En matière d'organisation, l'INSEE mettra en place une structure projet chargée de la conduite de ce chantier. Cette structure devra permettre de préparer toutes les mesures utiles destinées à organiser les transferts d'activité vers Metz, à faciliter et accompagner les mobilités géographiques des agents, et à accompagner les reconversions professionnelles de ceux dont l'emploi se trouverait modifié. Au-delà du dialogue social institutionnel, un comité de suivi paritaire sera mis en place auprès du directeur général de l'INSEE.

3. De réels inconvénients

Comme le soulignent MM. Jean-Pierre Duport et Philippe Cotis dans leur rapport au Premier ministre, « les délocalisations de structures administratives sont sources de coûts élevés et débouchent souvent, si l'on n'y prend garde, sur des échecs » . Les expériences récentes de délocalisations ont montré que 10 % seulement des effectifs concernés tendent en moyenne à suivre le mouvement. Il en résulte alors des coûts élevés, qu'il s'agisse des coûts de recrutement et de formation des nouveaux personnels ou du coût qualitatif que représente la perte du savoir-faire des personnels d'origine .

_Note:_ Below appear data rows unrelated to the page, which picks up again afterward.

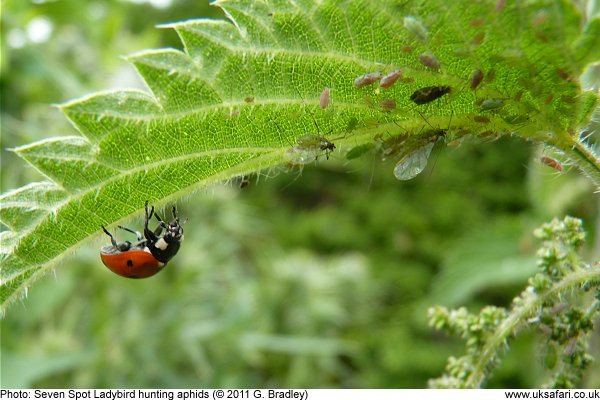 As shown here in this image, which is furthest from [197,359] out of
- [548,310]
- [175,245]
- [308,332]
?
[548,310]

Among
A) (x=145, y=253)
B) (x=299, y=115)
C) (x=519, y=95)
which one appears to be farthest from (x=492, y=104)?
(x=145, y=253)

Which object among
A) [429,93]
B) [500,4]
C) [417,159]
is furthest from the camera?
[417,159]

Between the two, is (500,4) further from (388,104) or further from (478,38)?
(388,104)

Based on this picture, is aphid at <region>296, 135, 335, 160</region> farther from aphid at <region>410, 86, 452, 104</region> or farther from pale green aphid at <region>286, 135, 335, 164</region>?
aphid at <region>410, 86, 452, 104</region>

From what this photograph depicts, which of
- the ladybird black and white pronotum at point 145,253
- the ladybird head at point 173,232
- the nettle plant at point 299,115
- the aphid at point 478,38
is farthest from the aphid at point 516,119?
the ladybird head at point 173,232

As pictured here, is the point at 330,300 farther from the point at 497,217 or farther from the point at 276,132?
the point at 276,132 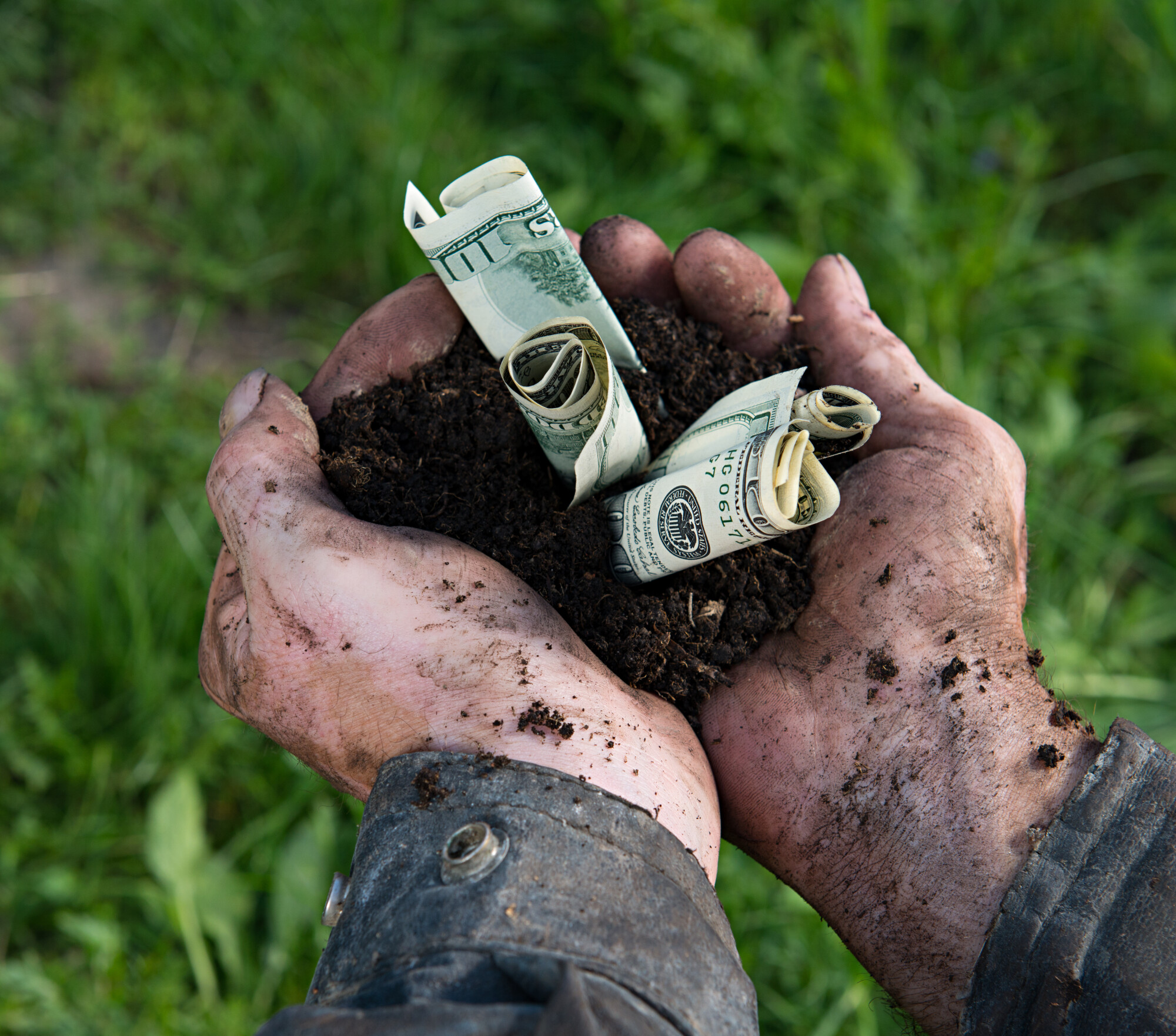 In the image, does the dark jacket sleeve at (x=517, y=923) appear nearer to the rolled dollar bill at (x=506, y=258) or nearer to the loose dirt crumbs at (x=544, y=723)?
the loose dirt crumbs at (x=544, y=723)

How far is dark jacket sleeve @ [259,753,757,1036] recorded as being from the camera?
3.18ft

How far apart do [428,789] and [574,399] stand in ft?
2.25

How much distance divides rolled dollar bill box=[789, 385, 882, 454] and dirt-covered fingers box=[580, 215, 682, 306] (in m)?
0.52

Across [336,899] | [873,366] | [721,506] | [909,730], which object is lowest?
[909,730]

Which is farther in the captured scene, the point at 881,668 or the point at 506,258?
the point at 506,258

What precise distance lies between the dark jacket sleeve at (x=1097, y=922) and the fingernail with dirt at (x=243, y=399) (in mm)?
1657

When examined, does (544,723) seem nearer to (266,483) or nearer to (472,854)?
(472,854)

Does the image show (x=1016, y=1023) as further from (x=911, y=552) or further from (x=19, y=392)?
(x=19, y=392)

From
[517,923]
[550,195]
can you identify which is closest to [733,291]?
[517,923]

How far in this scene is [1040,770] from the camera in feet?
4.92

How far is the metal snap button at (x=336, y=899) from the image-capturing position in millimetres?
1301

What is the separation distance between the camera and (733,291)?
188 cm

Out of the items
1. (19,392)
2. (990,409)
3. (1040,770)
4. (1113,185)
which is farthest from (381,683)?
(1113,185)

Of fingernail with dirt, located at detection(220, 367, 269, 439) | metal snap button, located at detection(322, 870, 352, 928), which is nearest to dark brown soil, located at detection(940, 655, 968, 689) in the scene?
metal snap button, located at detection(322, 870, 352, 928) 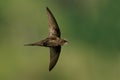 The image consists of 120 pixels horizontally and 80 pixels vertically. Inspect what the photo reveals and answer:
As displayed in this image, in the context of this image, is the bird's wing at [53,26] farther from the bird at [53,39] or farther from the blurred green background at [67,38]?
the blurred green background at [67,38]

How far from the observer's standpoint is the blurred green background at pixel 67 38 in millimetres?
18438

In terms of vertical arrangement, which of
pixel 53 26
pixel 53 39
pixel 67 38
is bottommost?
pixel 53 39

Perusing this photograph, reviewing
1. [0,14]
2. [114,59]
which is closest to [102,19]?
[114,59]

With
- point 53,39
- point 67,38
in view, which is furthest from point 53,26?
point 67,38

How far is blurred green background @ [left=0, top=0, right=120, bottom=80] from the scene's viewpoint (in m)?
18.4

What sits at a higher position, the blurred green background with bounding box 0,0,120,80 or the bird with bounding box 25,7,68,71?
the blurred green background with bounding box 0,0,120,80

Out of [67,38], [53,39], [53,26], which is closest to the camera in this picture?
[53,39]

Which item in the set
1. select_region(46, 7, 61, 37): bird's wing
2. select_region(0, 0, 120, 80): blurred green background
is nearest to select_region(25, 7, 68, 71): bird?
select_region(46, 7, 61, 37): bird's wing

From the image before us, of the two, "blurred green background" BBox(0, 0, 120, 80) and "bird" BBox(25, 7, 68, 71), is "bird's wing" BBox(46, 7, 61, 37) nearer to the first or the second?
"bird" BBox(25, 7, 68, 71)

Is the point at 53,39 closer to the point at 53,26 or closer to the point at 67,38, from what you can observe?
the point at 53,26

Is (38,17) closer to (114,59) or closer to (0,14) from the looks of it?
(0,14)

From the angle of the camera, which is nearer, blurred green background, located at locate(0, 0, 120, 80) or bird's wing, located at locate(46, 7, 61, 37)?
bird's wing, located at locate(46, 7, 61, 37)

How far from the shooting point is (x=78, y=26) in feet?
66.5

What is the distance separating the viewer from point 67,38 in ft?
61.7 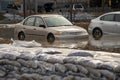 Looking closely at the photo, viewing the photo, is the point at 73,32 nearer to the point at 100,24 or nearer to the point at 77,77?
the point at 100,24

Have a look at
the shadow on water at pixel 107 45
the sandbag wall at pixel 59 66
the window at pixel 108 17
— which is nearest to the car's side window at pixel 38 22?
the shadow on water at pixel 107 45

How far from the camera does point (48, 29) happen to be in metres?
17.3

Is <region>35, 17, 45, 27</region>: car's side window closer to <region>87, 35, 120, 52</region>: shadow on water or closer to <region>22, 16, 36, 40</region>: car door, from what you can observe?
<region>22, 16, 36, 40</region>: car door

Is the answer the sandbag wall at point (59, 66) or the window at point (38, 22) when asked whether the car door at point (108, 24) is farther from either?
the sandbag wall at point (59, 66)

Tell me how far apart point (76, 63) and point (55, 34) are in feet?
32.7

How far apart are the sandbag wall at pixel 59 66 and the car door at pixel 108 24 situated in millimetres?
11623

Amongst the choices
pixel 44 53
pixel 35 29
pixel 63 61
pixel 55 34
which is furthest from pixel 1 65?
pixel 35 29

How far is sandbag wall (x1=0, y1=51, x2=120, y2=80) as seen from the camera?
21.4 ft

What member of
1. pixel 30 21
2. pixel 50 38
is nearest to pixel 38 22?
pixel 30 21

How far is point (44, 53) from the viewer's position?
26.2ft

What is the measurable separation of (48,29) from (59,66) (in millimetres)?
10154

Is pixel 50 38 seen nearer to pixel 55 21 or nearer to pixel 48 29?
pixel 48 29

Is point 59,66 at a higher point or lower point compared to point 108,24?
lower

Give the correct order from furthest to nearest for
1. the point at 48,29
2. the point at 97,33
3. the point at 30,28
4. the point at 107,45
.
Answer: the point at 97,33
the point at 30,28
the point at 48,29
the point at 107,45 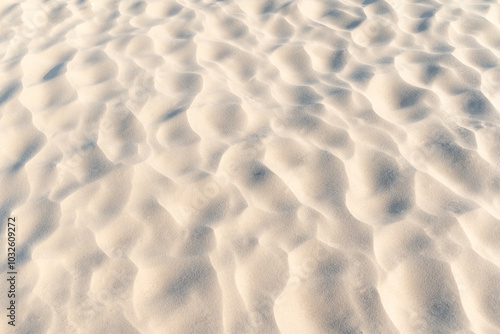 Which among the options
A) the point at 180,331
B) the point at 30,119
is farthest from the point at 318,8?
the point at 180,331

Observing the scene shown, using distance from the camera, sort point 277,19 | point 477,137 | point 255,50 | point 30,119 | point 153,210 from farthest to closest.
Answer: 1. point 277,19
2. point 255,50
3. point 30,119
4. point 477,137
5. point 153,210

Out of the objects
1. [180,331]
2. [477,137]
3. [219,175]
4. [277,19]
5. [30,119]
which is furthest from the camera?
[277,19]

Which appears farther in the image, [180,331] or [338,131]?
[338,131]

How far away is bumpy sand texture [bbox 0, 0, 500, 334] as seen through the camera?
160 cm

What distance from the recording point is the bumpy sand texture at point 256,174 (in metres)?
1.60

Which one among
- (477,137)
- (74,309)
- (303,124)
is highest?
(74,309)

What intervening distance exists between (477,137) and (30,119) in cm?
224

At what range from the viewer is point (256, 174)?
2043 mm

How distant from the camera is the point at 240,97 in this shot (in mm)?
2490

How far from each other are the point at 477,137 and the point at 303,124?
2.69 feet

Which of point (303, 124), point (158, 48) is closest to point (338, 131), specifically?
point (303, 124)

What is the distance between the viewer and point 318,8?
133 inches

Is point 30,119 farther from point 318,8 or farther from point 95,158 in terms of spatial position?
point 318,8

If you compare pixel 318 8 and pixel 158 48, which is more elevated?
pixel 158 48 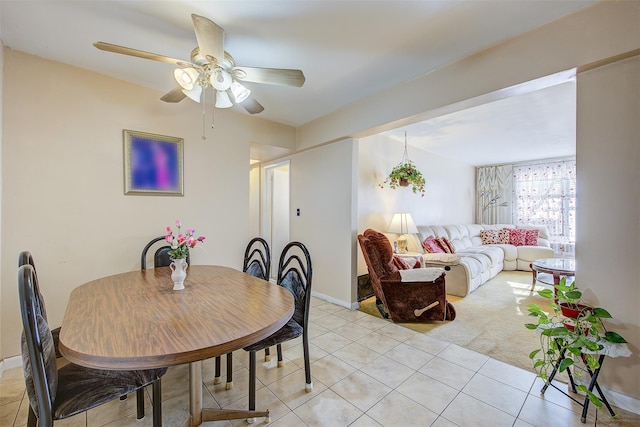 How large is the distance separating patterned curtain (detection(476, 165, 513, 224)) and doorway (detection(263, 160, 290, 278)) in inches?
204

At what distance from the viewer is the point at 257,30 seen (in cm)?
183

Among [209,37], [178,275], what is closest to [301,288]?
[178,275]

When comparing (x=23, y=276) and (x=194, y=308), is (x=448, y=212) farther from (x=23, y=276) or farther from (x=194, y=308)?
(x=23, y=276)

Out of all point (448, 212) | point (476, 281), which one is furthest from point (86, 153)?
point (448, 212)

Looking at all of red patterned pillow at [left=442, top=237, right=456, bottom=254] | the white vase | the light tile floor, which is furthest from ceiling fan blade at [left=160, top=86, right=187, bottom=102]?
red patterned pillow at [left=442, top=237, right=456, bottom=254]

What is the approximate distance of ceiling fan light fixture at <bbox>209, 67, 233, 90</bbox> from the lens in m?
1.72

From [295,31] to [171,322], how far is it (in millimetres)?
1946

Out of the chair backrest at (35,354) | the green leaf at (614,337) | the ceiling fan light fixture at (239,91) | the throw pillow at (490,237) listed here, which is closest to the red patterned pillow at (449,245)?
the throw pillow at (490,237)

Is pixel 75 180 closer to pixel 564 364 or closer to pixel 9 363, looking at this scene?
pixel 9 363

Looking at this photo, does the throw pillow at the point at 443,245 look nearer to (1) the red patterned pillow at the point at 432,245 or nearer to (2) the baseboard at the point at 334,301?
(1) the red patterned pillow at the point at 432,245

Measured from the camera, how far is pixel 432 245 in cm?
433

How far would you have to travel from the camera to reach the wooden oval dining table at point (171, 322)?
93 cm

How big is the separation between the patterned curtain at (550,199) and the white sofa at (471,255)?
1.32 feet

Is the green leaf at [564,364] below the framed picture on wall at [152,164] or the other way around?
below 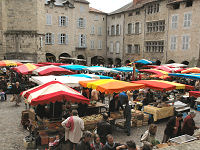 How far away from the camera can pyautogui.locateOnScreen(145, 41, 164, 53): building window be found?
1136 inches

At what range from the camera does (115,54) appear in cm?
3756

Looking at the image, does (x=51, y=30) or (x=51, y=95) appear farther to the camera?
(x=51, y=30)

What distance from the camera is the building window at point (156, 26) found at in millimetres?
28661

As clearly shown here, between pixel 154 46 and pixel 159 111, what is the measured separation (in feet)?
71.6

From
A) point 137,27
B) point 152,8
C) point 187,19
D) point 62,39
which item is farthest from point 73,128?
point 62,39

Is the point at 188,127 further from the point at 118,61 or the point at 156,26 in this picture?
the point at 118,61

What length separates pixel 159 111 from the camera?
9.33m

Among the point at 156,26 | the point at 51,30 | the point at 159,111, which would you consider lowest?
the point at 159,111

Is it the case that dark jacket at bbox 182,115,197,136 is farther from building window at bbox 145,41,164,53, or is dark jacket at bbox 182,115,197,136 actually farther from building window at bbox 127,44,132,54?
building window at bbox 127,44,132,54

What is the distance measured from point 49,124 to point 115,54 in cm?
3112

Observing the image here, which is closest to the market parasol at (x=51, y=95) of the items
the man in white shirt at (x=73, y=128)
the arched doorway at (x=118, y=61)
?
the man in white shirt at (x=73, y=128)

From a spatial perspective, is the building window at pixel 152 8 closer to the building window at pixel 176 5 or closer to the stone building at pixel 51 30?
the building window at pixel 176 5

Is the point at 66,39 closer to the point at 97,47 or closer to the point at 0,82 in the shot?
the point at 97,47

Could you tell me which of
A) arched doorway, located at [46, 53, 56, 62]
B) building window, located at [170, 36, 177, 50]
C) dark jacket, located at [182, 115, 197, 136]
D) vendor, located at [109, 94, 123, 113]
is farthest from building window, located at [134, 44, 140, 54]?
dark jacket, located at [182, 115, 197, 136]
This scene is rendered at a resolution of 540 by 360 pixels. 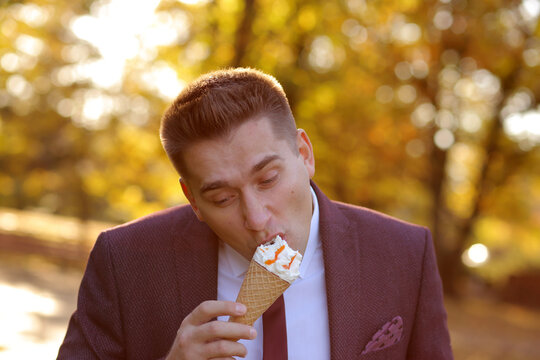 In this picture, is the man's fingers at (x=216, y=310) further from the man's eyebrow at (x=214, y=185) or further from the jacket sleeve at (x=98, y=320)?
the jacket sleeve at (x=98, y=320)

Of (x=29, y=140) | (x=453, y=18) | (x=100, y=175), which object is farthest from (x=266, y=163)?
(x=29, y=140)

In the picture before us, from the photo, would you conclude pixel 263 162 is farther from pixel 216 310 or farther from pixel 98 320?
pixel 98 320

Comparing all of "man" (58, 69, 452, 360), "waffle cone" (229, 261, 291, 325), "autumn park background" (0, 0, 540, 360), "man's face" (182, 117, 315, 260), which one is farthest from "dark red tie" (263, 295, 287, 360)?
"autumn park background" (0, 0, 540, 360)

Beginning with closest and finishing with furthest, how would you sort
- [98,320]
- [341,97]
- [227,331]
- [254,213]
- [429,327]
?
[227,331]
[254,213]
[98,320]
[429,327]
[341,97]

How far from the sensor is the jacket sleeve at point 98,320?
270cm

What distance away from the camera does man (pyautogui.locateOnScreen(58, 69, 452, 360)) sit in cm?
250

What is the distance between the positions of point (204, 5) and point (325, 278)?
6943 mm

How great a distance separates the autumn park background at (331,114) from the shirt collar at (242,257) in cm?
529

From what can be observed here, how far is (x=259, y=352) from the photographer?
2.69 m

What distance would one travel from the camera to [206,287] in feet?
9.06

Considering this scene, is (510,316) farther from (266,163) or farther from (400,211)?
(266,163)

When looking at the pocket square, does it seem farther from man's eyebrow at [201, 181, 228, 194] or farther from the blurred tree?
the blurred tree

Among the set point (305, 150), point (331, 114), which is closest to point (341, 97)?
point (331, 114)

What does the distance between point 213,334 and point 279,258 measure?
50 cm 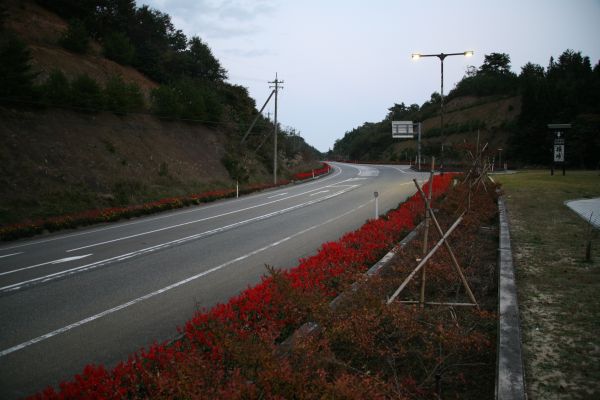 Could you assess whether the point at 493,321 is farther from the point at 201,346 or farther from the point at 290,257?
the point at 290,257

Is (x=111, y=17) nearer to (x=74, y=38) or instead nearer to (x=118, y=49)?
(x=118, y=49)

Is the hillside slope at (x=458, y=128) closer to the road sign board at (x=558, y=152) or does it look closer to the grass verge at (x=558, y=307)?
the road sign board at (x=558, y=152)

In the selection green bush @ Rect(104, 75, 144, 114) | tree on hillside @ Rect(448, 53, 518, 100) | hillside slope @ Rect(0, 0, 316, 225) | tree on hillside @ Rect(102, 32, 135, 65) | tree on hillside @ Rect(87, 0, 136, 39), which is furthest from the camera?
tree on hillside @ Rect(448, 53, 518, 100)

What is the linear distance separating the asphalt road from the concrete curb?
3579 millimetres

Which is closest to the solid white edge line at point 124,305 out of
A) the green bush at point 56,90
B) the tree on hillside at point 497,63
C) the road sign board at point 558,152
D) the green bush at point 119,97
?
the green bush at point 56,90

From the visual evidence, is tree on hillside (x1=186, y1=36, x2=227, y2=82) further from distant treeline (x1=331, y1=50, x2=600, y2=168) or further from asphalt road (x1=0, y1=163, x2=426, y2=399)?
asphalt road (x1=0, y1=163, x2=426, y2=399)

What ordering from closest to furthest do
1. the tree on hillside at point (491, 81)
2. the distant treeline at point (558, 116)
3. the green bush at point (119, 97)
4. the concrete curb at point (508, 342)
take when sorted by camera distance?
1. the concrete curb at point (508, 342)
2. the green bush at point (119, 97)
3. the distant treeline at point (558, 116)
4. the tree on hillside at point (491, 81)

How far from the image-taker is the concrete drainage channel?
3.56m

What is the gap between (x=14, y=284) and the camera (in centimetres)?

En outre, les gains à attendre d'une telle opération pour le réseau statistique régional sont peu probants. Il faut noter que 70 % des effectifs du service statistique public sont d'ores et déjà localisés en dehors de la région Ile-de-France, ainsi qu'environ la moitié des personnels d'encadrement. Paradoxalement, le regroupement à Metz des personnels chargés de l'enquête sur l'emploi et des statistiques sur le tourisme aura pour effet de les rendre moins proches du terrain qu'ils ne le sont actuellement dans chacune des régions.

MM. Jean-Pierre Duport et Philippe Cotis n'hésitent donc pas à écrire que « dans un contexte où, par ailleurs, l'Institut s'est engagé dans une réduction programmée des effectifs en application de la RGPP, le risque d'un trop grand étirement territorial des agents de l'INSEE se précise et l'opportunité d'ouvrir une nouvelle implantation territoriale en Moselle ne va pas nécessairement de soi ».

Pour sa part, votre rapporteure pour avis estime que cette délocalisation administrative hâtivement décidée, dans un contexte de stagnation des crédits et de diminution des emplois de l'INSEE, est de nature à compromettre le bon fonctionnement de l'Institut.

Elle rappelle que la nécessaire indépendance du service public de la statistique ne saurait reposer uniquement sur la conscience professionnelle des agents de l'INSEE, mais dépend aussi concrètement des moyens que le Gouvernement veut bien lui accorder.